My normal month has always consisted of creating anywhere from four to twelve unique proposals (PRDs) for new features for the company to build, with the number created varying based on the size of the company and the amount of process needed as a result. But regardless, it has always looked like: "Our users currently have X problem, and we should build Y to solve it. Y looks like this...". Yes this comes with some coordination and communication challenges, but those are always in service of figuring out what to build next.

I understand not all PM roles are like this, but I do disagree that PM never gets better than "sorting/filtering/decision maturity theatre". I am curious: if you were simply ordering an existing backlog, who was defining the new items to add to the backlog?

2 comments

My experience was B2B. I was certainly expecting a lot more of the problem identification and solution generation work that you described.
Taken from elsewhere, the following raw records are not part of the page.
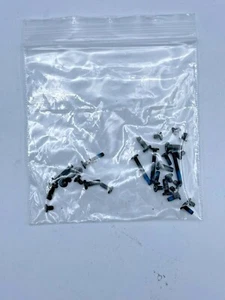 Genuine IBM Lenovo ThinkPad T410 Screw Set Screw Kit for Repairs E2-Z3-j18 - Picture 1 of 2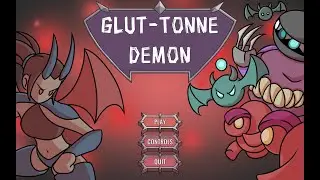 Glut-Tonne Demon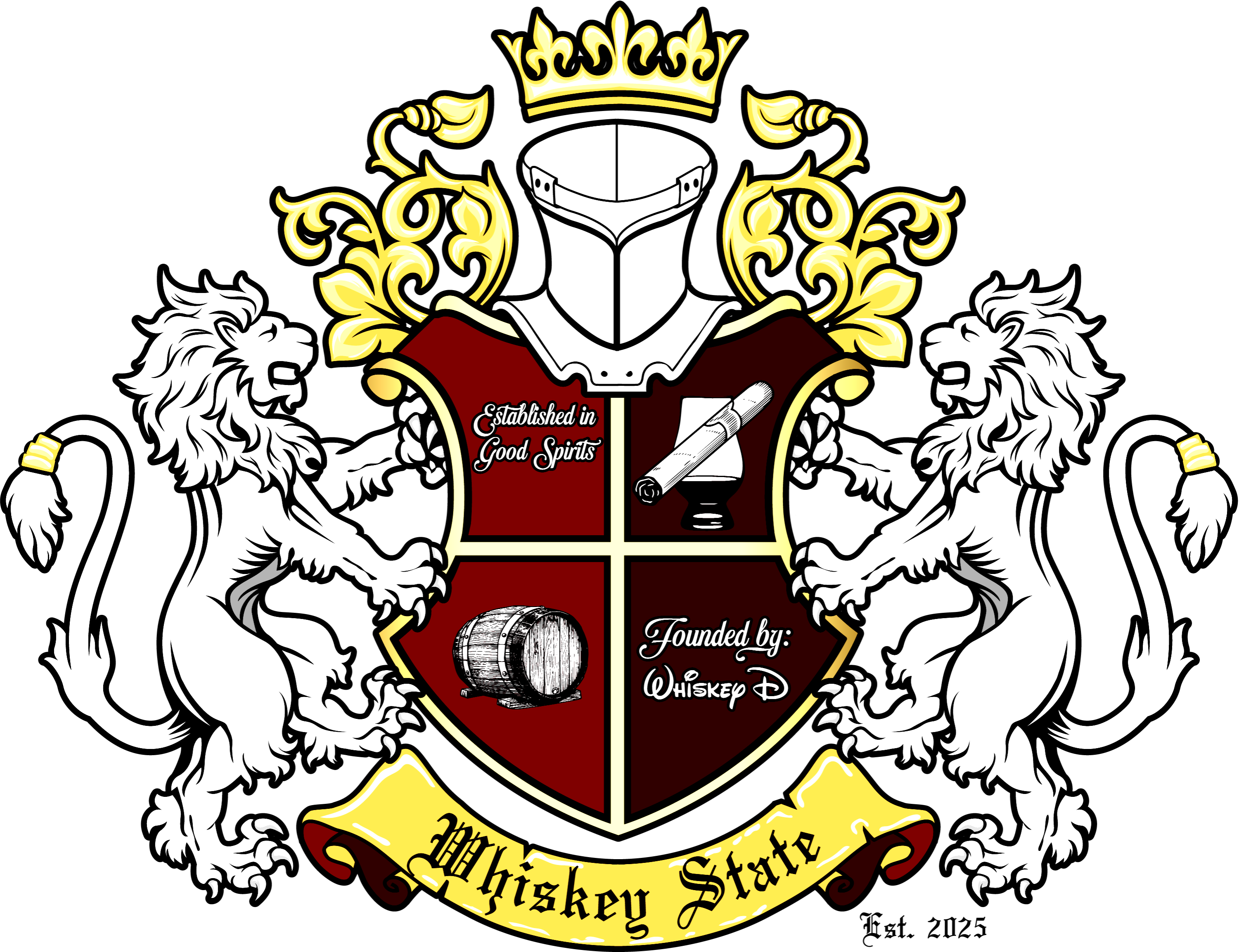 Whiskey State logo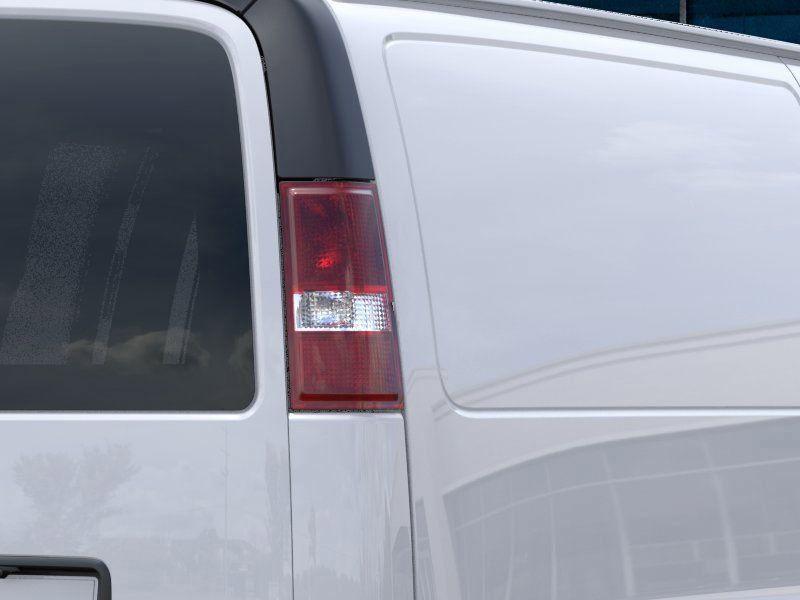 new 2026 Chevrolet Express 2500 car, priced at $49,800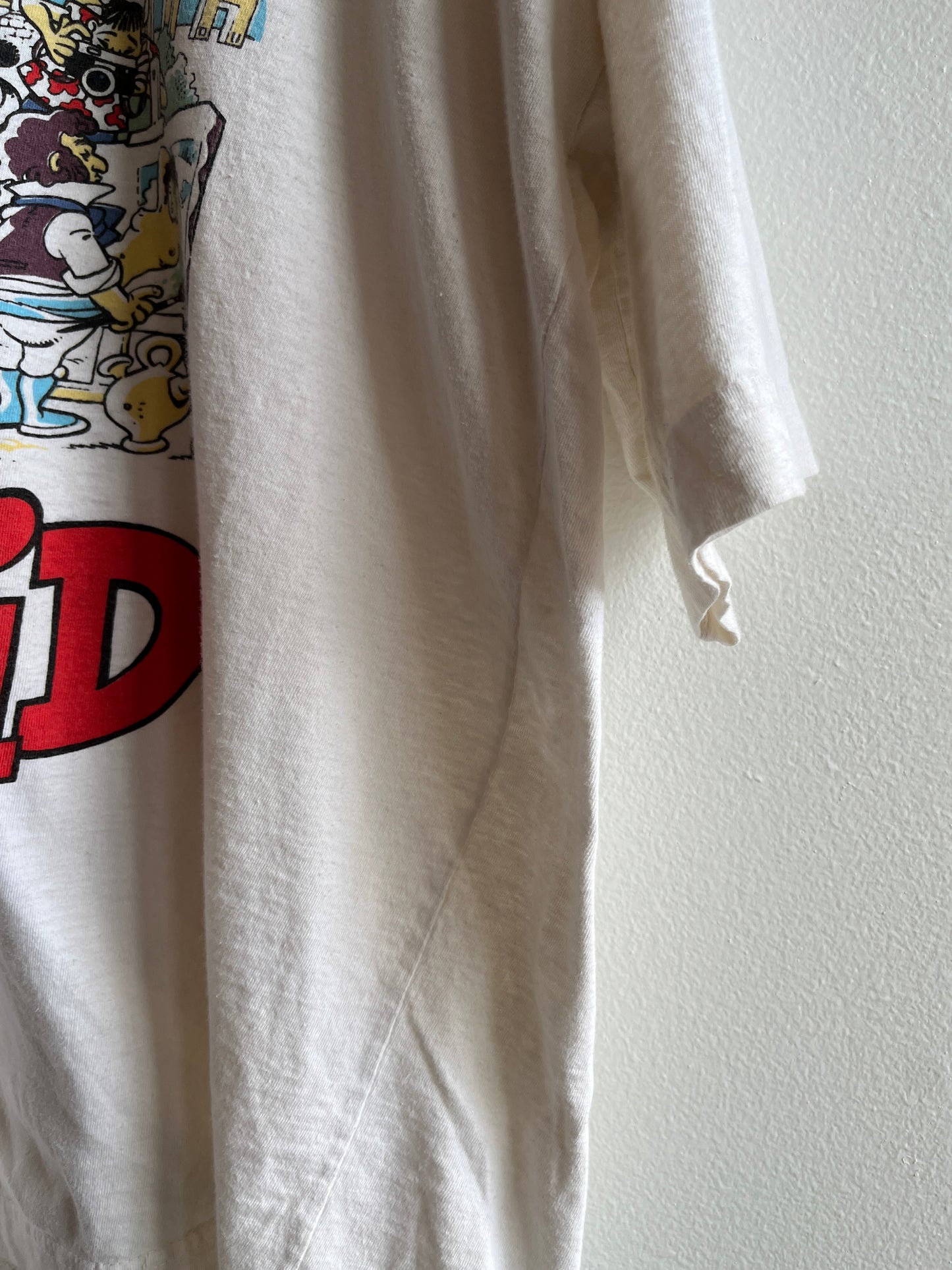 Vintage 1990’s Madrid T-Shirt - La Lovely Vintage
The difficulty was that the owners at the top had unshakeable ideas about what the product should be. That's ok, single minded vision can be good and all that. In my very hands-on sales engineering role I'd make things that my prospects were asking for, put them in the product, they'd buy it, and my prototypes and hacks and tools would end up getting refined, hardened, and supported by the implementation team. It worked well because everything I did had big dollars attached to it (so the org itself didn't mind) and the product advanced in a way that the market wanted.

The problems arose when we put in the product management process - the whole committee/requirement/signoff thing the article describes and I mentioned in my earlier comment. That created a formal bureaucratic mechanism for various players to stop all the ideas I had. Before, they'd be fait accomplis necessary for winning a big deal. Now they were just ideas divorced from value from some guy who should've known his place. Back then I was hopeless at understanding how to get a group of people with different agendas to agree on something (I think it's called 'politics').

> if you were simply ordering an existing backlog, who was defining the new items to add to the backlog?

It's over 15 years ago but what I remember is that there were thousands of semi-structured documents which represented things that, with the new product org, got turned into backlog items (stories, epics). This was part of an attempt to move engineering to a more agile way of working while creating a product function to support it. So it's more that we didn't have a backlog as such, then we stood it up and triaged everything we already had into it. All this was happening while the company was trying to learn about agile. I remember day long meetings where we all tried to argue about whether technical tasks belonged on a backlog, and if not how you could write a user story for remediating a piece of technical debt. Basic stuff but none of us had a clue.

>The problems arose when we put in the product management process - the whole committee/requirement/signoff thing the article describes and I mentioned in my earlier comment. That created a formal bureaucratic mechanism for various players to stop all the ideas I had. Before, they'd be fait accomplis necessary for winning a big deal. Now they were just ideas divorced from value from some guy who should've known his place.

precisely, the introduction of a PM means that the people who actually implement the product are put below pure talkers. You suddenly go from being able to influence the product daily to everything being up for a vote and every vote being overriden by the PM. The PM gets to decide which issues are important enough to be included even though he really doesn't know better 99.9% of the time. 99.9% of the time he didn't talk to customers about it, he just has his own opinion and was put into this artificial leadership position that ruins the fun of the job for everyone else. Oh sure he talked to leadership but that ends up being about how to achieve his own dreams and goals, certainly not to help make the ideas of engineers a reality. I've literally never seen a PM that goes and asks what ideas of the engineers we can help make reality. Just let that sink in for a moment: Isn't that what a product is? Ideas of engineers? I mean it really is. The whole agile movement is one of the strangest gaslighting ventures that human psychology has ever produced. We are told that there is no boss while actively being micro managed issue by issue, hour by hour almost, while literally being asked every single day in the standup when X will be finished.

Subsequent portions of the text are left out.